Il decoro, la dignità, la cultura di una città è nel sapere ricordare, nel tempo dovuto alla memoria, i suoi illustri figli, e Cesare Giulio Viola certamente è uno dei suoi migliori figli e, senza remora esegetica, per l’opera varia, dinamica, e creatrice, uno scrittore che ha dato lustro al primo Novecento anche per quel “Pricò” che De Sica portò in pellicola con il titolo “I bambini ci guardano”.
Il 3 ottobre del 1958, cioè sessant’anni or sono, moriva per una fatalità, Cesare Giulio Viola, nella sua residenza estiva in Positano. Ma nel suo cuore e nella sua memoria Taranto rimase, tempo e luogo indistruttibili. Vi era nato nel 1886.

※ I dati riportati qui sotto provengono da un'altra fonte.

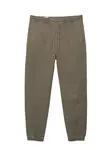 Pull&Bear Nohavice  kaki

Roma fu la sua seconda sede di vita e d’arte.
Di lontano dalla sua città spesso lo aveva scritto e detto al suo solitario direttore della biblioteca “Acclavio”, Vito Forleo.
Taranto era stata la patria scolastica all’ “Archita” nel suo romanzo mondadoriano “Quinta classe” e poi questa sua e nostra città in quel suo romanzo del lume a petrolio “Pater” che è un inno al suo genitore, Luigi, archeologo e fondatore del Museo archeologico di Taranto ed è anche uno spaccato felicissimo della Taranto fine ottocento e primo novecento, la città ancora illuminata dai lumi a petrolio e nella quale si circolava con gli “Omnibus” carrozze a cavalli.
Un libro non solo di familiari memorie, ma di memoria cittadina, immagine, sogno di una Taranto che era quella del “cuore di una volta”.
Non scrittore di uno spaccato locale, industriale, mortifero, ma scrittore solare, cioè dell’ampia visione umana, umanistica, nella quale la storia personale si intreccia con la storia di un’epoca, di un popolo, di una vasta tradizione.
Scrittore e poeta.
Lo ricordiamo oggi perché la città, che vuole risalire la scala della Cultura, lo ricordi domani perché non scompaia dal nostro povero mondo.
Un mondo, spesso, senza patria e senza fede.